Bei Proxmox Virtual Environment oder kurz Proxmox VE handelt es sich um eine auf Debian 9 (Stretch) basierende Virtualisierungsplattform mit einer eigenen Web-Oberfläche.

Als Hypervisor kommt KVM zum Einsatz. Neben klassischen VMs können auch LXC Container (Linux Containers) mit Proxmox VE verwaltet werden.

Proxmox VE steht als Open Source unter der AGPLv3 Lizenz zur Verfügung.

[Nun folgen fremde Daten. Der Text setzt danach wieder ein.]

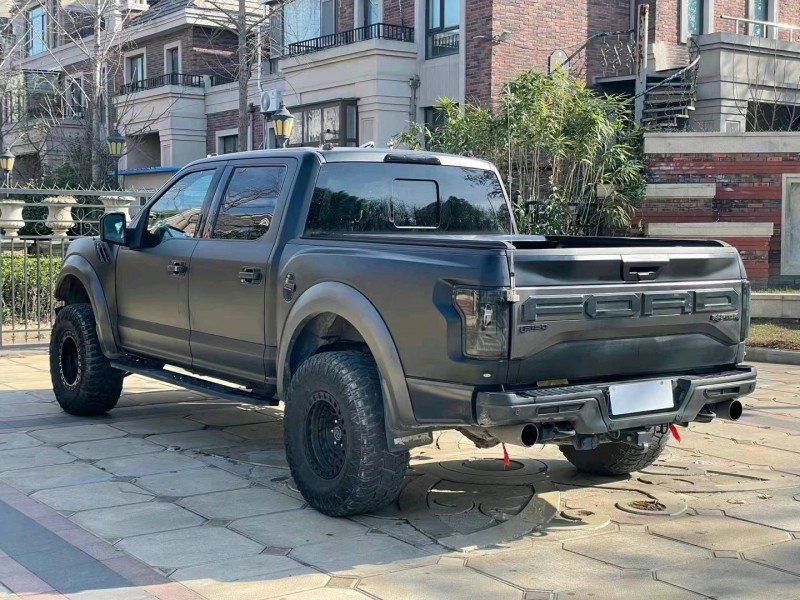 青岛19年福特猛禽8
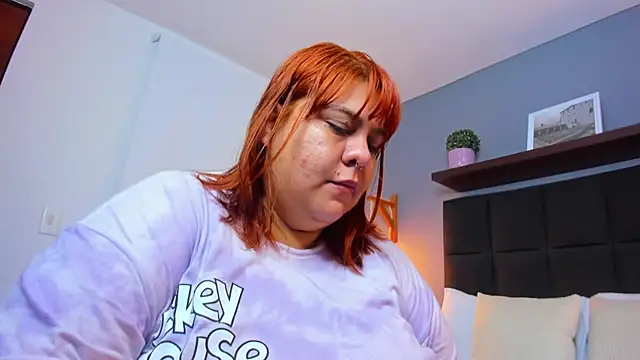 Snapshot of noaah_brown chatting on February 17, 12:16 pm noaah brown online show from February 17, 12:16 pm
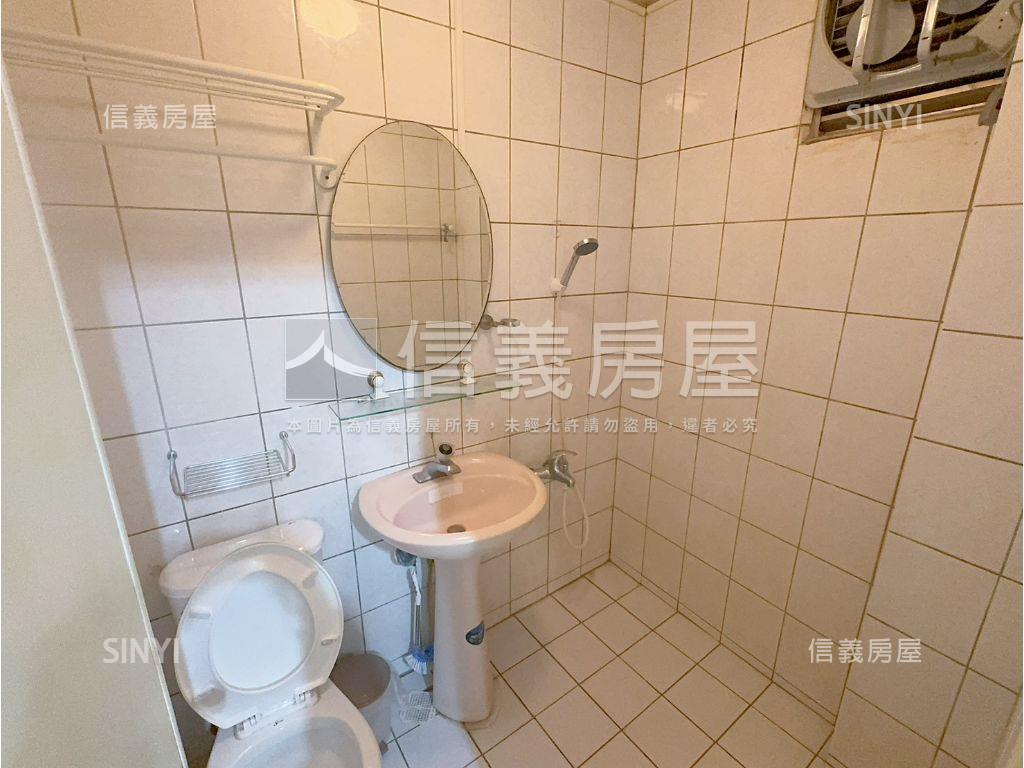 北區２樓大空間採光三房房屋室內格局與周邊環境
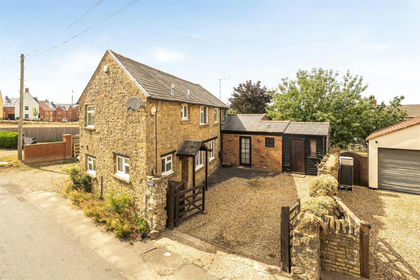 Barn Conversion for sale in Towcester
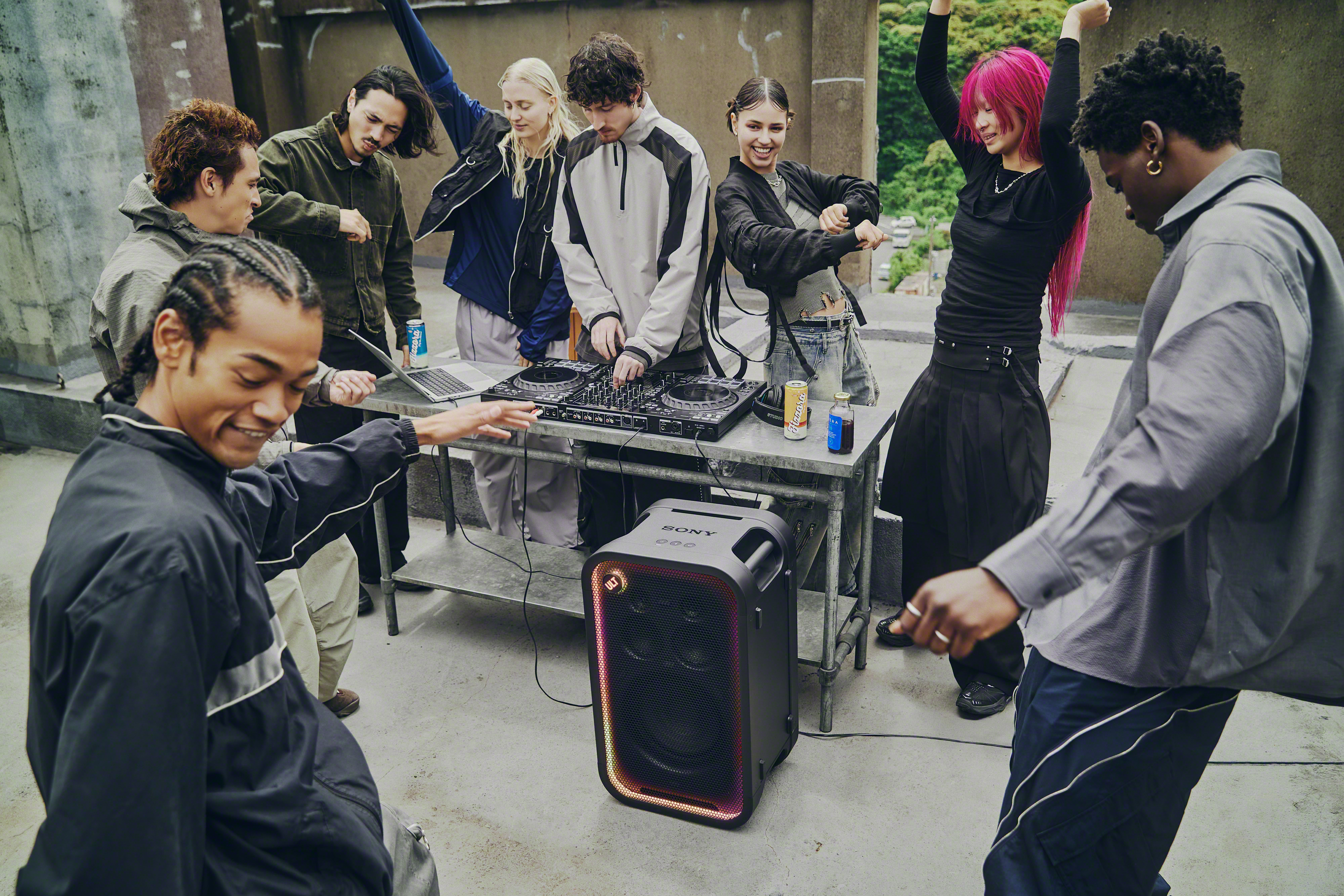 Sony Party Speaker | SRS-ULT700 ULT TOWER 7 | 420 W | Waterproof | Bluetooth | Wireless connection | Portable | Black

Wer also aktuell auf der Suche nach so etwas ist, sollte sich Proxmox VE auf jedenfall anschauen.

Ich betreibe aktuelle mehrere Instanzen von Proxmox VE, zum Beispiel:

  • Ein Proxmox VE Cluster mit vier Knoten
  • Zuhause auf meinem Home-Server

Ich persönlich finde es die bisher beste Web-Oberfläche zur Verwaltung von virtuellen Maschinen. Besonders gut gefällt mir, dass man sowohl die Oberfläche nutzen kann, oder die CLI (also Kommandozeile). Auch das im Hintergrund einfach ein Debian läuft, wo man über apt-get install einfach alles installieren kann was man benötigt finde ich klasse!

Die Installation ist ein Kinderspiel, auch vor Updates habe ich bisher keine Angst, dass letzte große Update von Proxmox VE 4.x auf 5.x, wo auch Debian Jessie auf Debian Stretch angehoben wurde, hatte ohne Probleme funktioniert.